L’envers de la désinvolture : vérité et division

Alors que l’estime unit, le respect divise. Rien n’est estimable que dans l’horizon d’un bien dont nous étions déjà convaincus, mais rien n’est respectable qu’à nous subvertir dans cette conviction même. L’estime et le respect sont en ce sens exclusifs l’un de l’autre, non pas quant à leur objet mais quant à l’unité de celui-ci : on peut respecter quelqu’un que par ailleurs on a des raisons d’estimer et d’autre part on ne respecte qu’à ne pas compter, alors qu’on n’estime une personne qu’à être le juge de sa valeur, éventuellement très grande, c’est-à-dire qu’à être celui qui compte.

Si donc la question de la vraie vie est exactement contradictoire avec la question de la vie bonne, en ce que la première est celle d’admettre une division dont la seconde est expressément le déni – autrement dit si la question de la vérité personnelle est parfaitement exclusive de tout idéal d’être sage – alors l’éventualité d’apprendre à vivre ne peut se traduire que dans le refus d’imposer contre la division l’imposture de l’un, contre la vérité l’imposture du bien. Et certes, l’un et le bien concernent les autres – l’un pouvant d’ailleurs concerner la division d’un autre qu’on aura simplement réfléchie, sa division une (par exemple on peut parler du génie de Picasso).

Or cette double imposition est exactement la désinvolture, quand on l’entend en première personne, dans l’impossibilité que chacun est originellement pour soi.

Si donc il est possible d’” apprendre à vivre “, ce ne sera jamais à travers la reconnaissance d’une sagesse ou d’une harmonie qui renvoient seulement à l’imposture de se prendre pour soi, mais tout au contraire dans l’épreuve que nous ferons de la fausseté éthique de la désinvolture qui est toujours désinvolture envers ce sujet de la vérité que, tautologiquement, on doit désigner comme le vrai et dont l’impossibilité qu’on est pour soi est l’effet propre – puisqu’il appartient à la vérité de diviser, alors qu’il appartient au savoir de rassembler. Cette épreuve de n’être pas le sujet de la vérité mais au contraire d’être institué comme sujet par le préalable de la vérité, par son effet de division, définit en propre les ” leçons de vie ” – celles que nous recevons donc toujours malgré nous.

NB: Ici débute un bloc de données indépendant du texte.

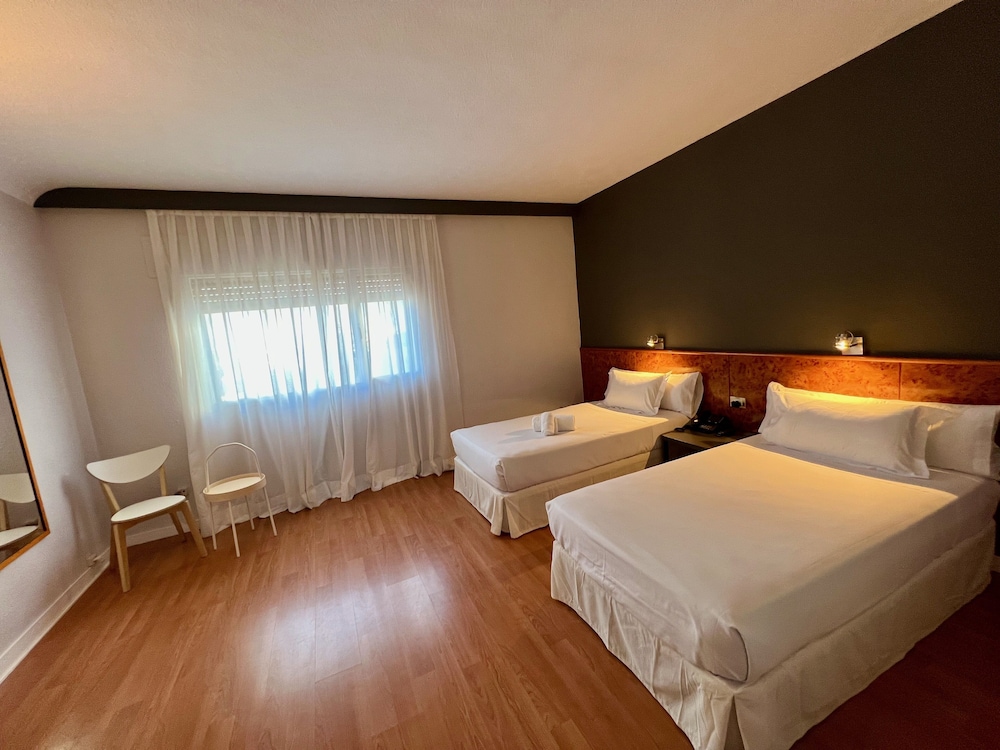 

Alghero - Aeroporto di Madrid - AP Hotel Madrid Airport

On n’est désinvolture qu’à prendre la responsabilité d’être irresponsable et par là qu’à s’enfermer dans un déni qui soit indistinctement celui du vrai et celui de sa propre vérité – c’est-à-dire de sa propre et définitive étrangeté. En effet, il est par définition exclu qu’on soit le sujet de la vérité : le sujet de la vérité, ce n’est pas moi mais le vrai dont la rencontre m’aura marqué, c’est-à-dire divisé l’impossible qui compte et le nécessaire qui importe.

Parce qu’elle est la décision que ce qui compte ne comptera pas parce que seul ce qui importe doit compter, la désinvolture est la fonction subjective de la vie bonne, telle qu’elle apparaît comme la corrélation du savoir et du service des biens. Car on n’est jamais désinvolte qu’à avoir de bonnes raisons de l’être, et même on ne l’est que d’avoir ces bonnes raisons qui sont le service réflexif de la vie (sans elles, on ne parlerait pas de désinvolture, mais de simple indifférence à la vérité comme il en va chez des êtres purement naturels).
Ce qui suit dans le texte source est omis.